Тот день изменил все. Я поняла, что моя работа могла убить меня или излечить. Глядя на картины под таблетками, я научилась вызывать видения прошлого. Небольшими кусочками, фрагментами, но все же Эдик снова был со мной, и я уже не казалась себе такой сумасшедшей. По крайней мере, я перестала глотать таблетки все время, как было раньше. Теперь я берегу их для ночей.

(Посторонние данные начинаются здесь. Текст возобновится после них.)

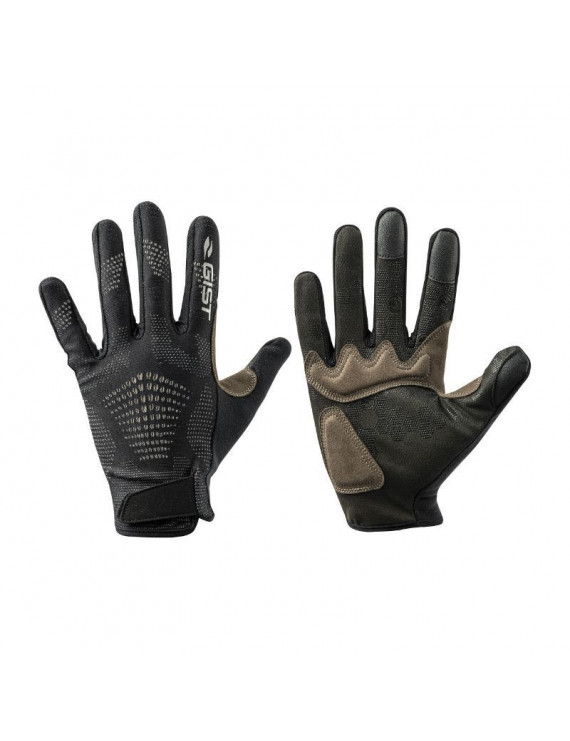 GANTS VELO VTT LONG GIST HERO GRAVEL NOIR L (PAIRE SUR CARTE)  TOUCHE ECRAN -5507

Я осторожно вскрываю коробку. Эта работа предназначена не для одной хрупкой девушки, но мне не впервой проворачивать подобные манипуляции в одиночку. Мы с Чесей договорились, что я не буду делать зарисовки прямо на складе. Ей и это кажется небезопасным. Поэтому я выношу нужные картины, закрываю кодовую дверь и иду вместе со своими «примерами» в самую дальнюю часть коридора на старый склад и занимаюсь «зарисовками» там.

На старый склад никто, кроме меня, не ходит уже больше десятка лет. Я притащила туда мягкое кресло-мешок, пару ламп и расчистила от старой мебели немного места у пустой стены. Обычно я вешаю картины на стену, освещаю их, как мне хочется, и сажусь в кресло рядом, наблюдая.

Одного мимолетного взгляда на «Девятый вал» мне хватает, чтобы понять: я никогда в жизни не подниму его на стену, поэтому я использую стойку на колесиках, чтобы переместить картину на старый склад и оставляю ее стоять у стены. Я устанавливаю лампы так, чтобы осветить шедевр и с замиранием сердца включаю свет.

Я специально не смотрю на картину, пока не подхожу ближе к креслу. Стоит мне охватить ее взглядом, колени подгибаются, и я падаю в мягкий мешок, как тряпичная кукла. Прижимаю ладони ко рту. По коже бегут сотни и тысячи мурашек.

Темное, бушующее после ночного шторма, море лишает дара речи и выбивает из меня дыхание. Волны пенятся и закручиваются, словно гребнем. Море бушует, намереваясь проглотить утомленных борьбой за выживание членов экипажа корабля, отчаянно цепляющихся за мачту их потонувшего судна как за соломинку, последнюю надежду выжить. Их силы на исходе. Стихия уже почти сломила их, а ведь впереди еще самое страшное.

Девятый вал. Жестокая, смертоносная волна, самая опасная для жизни – девятая волна в шторме. Она наступает на них, словно море раскрывает пасть, готовясь проглотить людей вместе с остатками корабля и горящей, как рассветное солнце, надеждой в их сердцах.